Po spotkaniach z angielskimi politykami kurier wrócił do kraju bez dobrych wieści: powstańcy nie mogli oczekiwać pomocy ze strony aliantów.
Producentami wysokobudżetowej produkcji są: Muzeum Powstania Warszawskiego – inicjator przedsięwzięcia oraz Scorpio Studio – współtwórca sukcesu świetnie przyjętego przez widzów i krytyków „Jacka Stronga”, którego na dużym ekranie obejrzało blisko 1,2 miliona widzów.
– Chcemy pokazać moment, w którym ważą się losy Polski i losy Europy.
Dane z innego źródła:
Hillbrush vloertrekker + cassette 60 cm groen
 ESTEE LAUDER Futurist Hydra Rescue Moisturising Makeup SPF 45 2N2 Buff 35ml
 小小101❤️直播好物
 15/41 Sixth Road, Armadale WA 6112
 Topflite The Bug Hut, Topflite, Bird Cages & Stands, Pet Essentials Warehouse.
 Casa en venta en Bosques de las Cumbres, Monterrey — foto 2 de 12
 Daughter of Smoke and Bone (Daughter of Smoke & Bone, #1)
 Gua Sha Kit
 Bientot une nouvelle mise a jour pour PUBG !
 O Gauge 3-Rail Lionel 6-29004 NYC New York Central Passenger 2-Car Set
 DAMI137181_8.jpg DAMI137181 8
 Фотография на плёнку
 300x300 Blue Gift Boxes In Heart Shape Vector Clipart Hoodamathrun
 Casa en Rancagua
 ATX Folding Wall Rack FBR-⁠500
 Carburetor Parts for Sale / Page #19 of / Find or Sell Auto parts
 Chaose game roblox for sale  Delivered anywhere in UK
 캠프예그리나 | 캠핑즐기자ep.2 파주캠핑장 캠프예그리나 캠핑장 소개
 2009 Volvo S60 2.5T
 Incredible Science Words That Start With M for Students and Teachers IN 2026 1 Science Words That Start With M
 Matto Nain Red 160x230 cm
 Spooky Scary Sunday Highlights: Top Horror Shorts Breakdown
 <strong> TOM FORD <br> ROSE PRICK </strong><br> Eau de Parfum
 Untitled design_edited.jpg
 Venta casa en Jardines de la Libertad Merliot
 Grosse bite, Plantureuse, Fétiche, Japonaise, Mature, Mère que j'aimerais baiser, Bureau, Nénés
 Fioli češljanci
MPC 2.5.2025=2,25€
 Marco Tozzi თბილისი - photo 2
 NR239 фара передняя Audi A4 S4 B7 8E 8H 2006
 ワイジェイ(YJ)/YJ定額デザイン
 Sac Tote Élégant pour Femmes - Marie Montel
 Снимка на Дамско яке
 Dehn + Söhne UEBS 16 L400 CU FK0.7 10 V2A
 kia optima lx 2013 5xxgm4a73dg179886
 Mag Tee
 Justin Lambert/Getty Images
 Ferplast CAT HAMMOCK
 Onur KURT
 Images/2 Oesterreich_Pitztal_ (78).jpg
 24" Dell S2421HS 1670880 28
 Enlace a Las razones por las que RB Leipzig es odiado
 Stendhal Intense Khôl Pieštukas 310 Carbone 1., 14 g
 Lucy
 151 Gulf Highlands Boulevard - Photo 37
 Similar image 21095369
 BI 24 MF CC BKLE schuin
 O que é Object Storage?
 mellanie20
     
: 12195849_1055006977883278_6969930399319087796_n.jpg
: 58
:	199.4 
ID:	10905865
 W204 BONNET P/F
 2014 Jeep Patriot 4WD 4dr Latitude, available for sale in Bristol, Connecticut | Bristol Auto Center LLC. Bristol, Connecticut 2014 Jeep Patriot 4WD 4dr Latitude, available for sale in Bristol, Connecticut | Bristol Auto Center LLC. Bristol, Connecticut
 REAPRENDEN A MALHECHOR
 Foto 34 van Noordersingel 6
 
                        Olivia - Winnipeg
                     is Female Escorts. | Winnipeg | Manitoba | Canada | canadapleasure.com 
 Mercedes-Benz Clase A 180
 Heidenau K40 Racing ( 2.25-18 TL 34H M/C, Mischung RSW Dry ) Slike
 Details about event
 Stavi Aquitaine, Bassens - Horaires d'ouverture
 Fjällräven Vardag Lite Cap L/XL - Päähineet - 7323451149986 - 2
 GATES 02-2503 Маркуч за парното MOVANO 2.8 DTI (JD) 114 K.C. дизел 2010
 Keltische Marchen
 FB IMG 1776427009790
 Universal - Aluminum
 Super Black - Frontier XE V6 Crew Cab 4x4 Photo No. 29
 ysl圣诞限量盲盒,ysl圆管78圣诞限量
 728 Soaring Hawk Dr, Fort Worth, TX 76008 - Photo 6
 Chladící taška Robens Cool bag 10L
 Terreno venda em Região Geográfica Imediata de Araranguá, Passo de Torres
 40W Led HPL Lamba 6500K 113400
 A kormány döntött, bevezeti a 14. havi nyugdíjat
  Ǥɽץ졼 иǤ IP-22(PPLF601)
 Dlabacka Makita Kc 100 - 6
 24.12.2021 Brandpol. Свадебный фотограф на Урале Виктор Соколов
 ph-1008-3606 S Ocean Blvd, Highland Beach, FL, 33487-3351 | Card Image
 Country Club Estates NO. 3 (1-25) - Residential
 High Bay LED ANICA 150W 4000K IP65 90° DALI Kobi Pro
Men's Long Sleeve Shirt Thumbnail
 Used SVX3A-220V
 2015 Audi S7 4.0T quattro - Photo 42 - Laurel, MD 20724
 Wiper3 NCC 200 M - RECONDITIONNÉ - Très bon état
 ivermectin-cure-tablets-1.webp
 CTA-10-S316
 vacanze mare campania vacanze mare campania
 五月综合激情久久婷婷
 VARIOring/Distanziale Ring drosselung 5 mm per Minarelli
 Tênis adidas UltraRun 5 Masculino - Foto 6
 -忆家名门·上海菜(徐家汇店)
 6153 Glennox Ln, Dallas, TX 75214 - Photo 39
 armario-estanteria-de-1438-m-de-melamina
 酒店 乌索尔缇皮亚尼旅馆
Szukaliśmy postaci, dzięki której można zrozumieć tę dramatyczną historię. Okazał się nią Jan Nowak–Jeziorański, zwykły młody człowiek, który w trudnych warunkach okazał się odważny i zdeterminowany – mówi w Onecie Jan Ołdakowski, dyrektor Muzeum Powstania Warszawskiego.
„Kurier” będzie miał międzynarodową obsadę. W rolę Jana Nowaka Jeziorańskiego wcieli się Philippe Tłokiński. W roli głównej zobaczymy go po raz pierwszy. Do tej pory grał na deskach francuskich, szwajcarskich i polskich teatrów. Wystąpił w komediowym hicie Juliusza Machulskiego „Volta”, wielokrotnie nagrodzonej przez krytyków „Nocy Walpurgi”, czy popularnych serialach „Prosto w serce”, „Belfer” i „Przepis na życie”.
– Jan Nowak–Jeziorański to prawdziwa postać – jest bohaterem, ale nie superbohaterem. Pozostaje człowiekiem. Dla mnie to ogromne emocje i lekki strach. Zacząłem się nawet zastanawiać, czy to udźwignę. Pozwoliłem sobie na kilka minut paniki i ruszyłem do pracy – śmieje się aktor w Onecie.
W role dwóch łączniczek towarzyszących głównemu bohaterowi wystąpią: Patrycja Volny (córka Jacka Kaczmarskiego) i francuska aktorka – Julie Engelbrecht. Grzegorz Małecki zagra generała Bora–Komorowskiego.
Zdjęcia realizowano już w Łodzi, a teraz będą kręcone w Warszawie, Częstochowie i w okolicach Krakowa.